• [WHAT TO PRODUCE]:
The copy you return must match the listing word for word and carry no pictures.
── SUPPLIED DATA
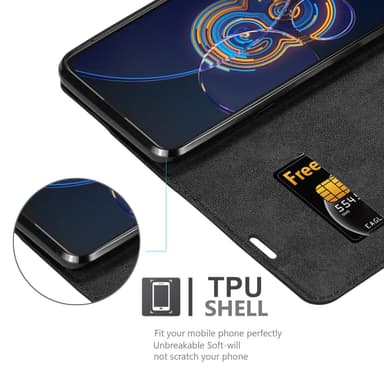 Asus ZenFone 8 FLIP Skal Fodral Case (Svart)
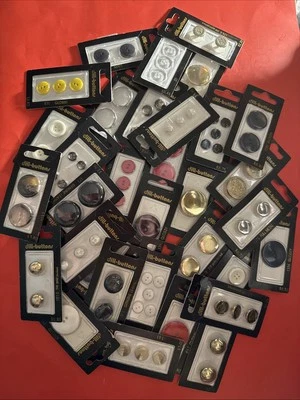 370 Packages, Packs DILL Buttons Vintage Made In Germany Lot Brand New Assorted! - Image 1 of 4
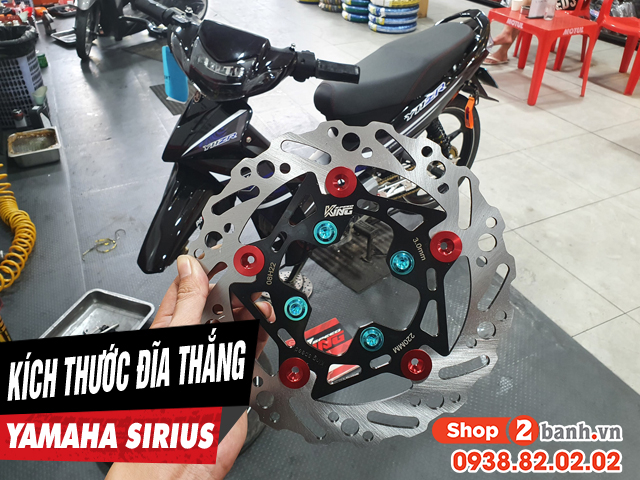 Kích thước đĩa thắng trước sirius bao nhiêu thay loại nào phù hợp - 1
────
• [TASK ANSWER]:
 Asus ZenFone 8 FLIP Skal Fodral Case (Svart)
 370 Packages, Packs DILL Buttons Vintage Made In Germany Lot Brand New Assorted! - Image 1 of 4
 Kích thước đĩa thắng trước sirius bao nhiêu thay loại nào phù hợp - 1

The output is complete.